From e5d4ff5fae3c7568512ddd67f1114a5f21c4376c Mon Sep 17 00:00:00 2001
From: TanJeeSchuan <89920999+TanJeeSchuan@users.noreply.github.com>
Date: Mon, 20 Apr 2026 07:33:12 +0800
Subject: [PATCH] Enhance Vectorize All process with error handling, retries
 and minor improvements (#5479)

* fix (vectors): Fixed Vectorize All progress report and ETA issues

* fix (vectors): Added strip reasoning block function for extras/WebLLM summaries

* feat(vectors): Retry failed summaries with configurable attempts

* feat(vectors): Skip summarization for short messages

* feat(vectors): Skip failed messages during Vectorize All instead of aborting all

Prevents the "Vectorize All" process from stopping on single-message
errors.

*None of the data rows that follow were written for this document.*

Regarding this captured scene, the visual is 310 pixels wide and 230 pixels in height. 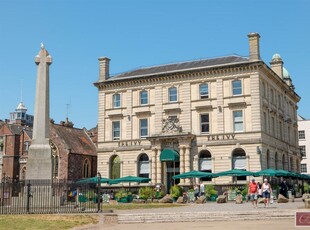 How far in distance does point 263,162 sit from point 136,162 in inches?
565

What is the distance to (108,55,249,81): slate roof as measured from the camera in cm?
4988

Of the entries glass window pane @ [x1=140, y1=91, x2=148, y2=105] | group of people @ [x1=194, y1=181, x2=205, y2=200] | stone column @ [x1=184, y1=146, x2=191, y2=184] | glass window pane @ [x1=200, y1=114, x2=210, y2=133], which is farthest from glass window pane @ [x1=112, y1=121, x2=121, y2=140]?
group of people @ [x1=194, y1=181, x2=205, y2=200]

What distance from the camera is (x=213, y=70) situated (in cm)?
4866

Failed items are now skipped and reported at the end of the
session rather than aborting the entire sync.

Summarization: Implements per-message retries; failures use the original
text as a fallback or mark for skipping.

Vector Insertion: Differentiates fatal configuration errors (abort) from
transient batch failures (skip and notify).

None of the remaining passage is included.